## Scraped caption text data
<<<<

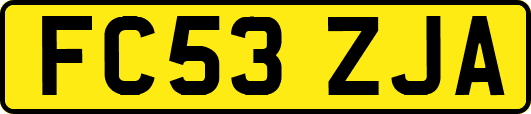 FC53ZJA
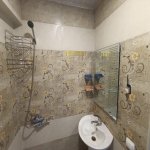 Аренда 1 комнатная Новостройка, Хетаи район 10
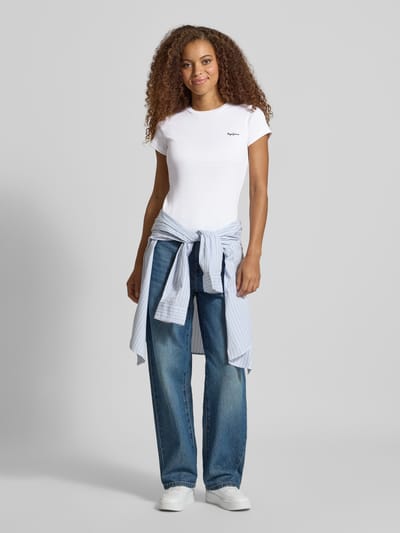 Shop The Look FULLLENGTHFRONT1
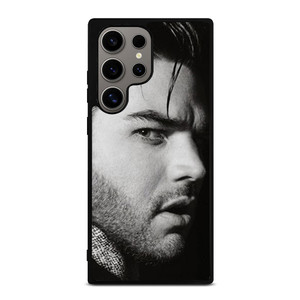 ADAM LAMBERT Samsung Galaxy S24 Ultra Case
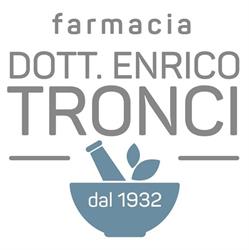 Farmacia Dr. Tronci Enrico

>>>>

## Work to be completed
Make an exact copy of the records shown above, without the pictures.

## Output for this task
 FC53ZJA
 Аренда 1 комнатная Новостройка, Хетаи район 10
 Shop The Look FULLLENGTHFRONT1
 ADAM LAMBERT Samsung Galaxy S24 Ultra Case
 Farmacia Dr. Tronci Enrico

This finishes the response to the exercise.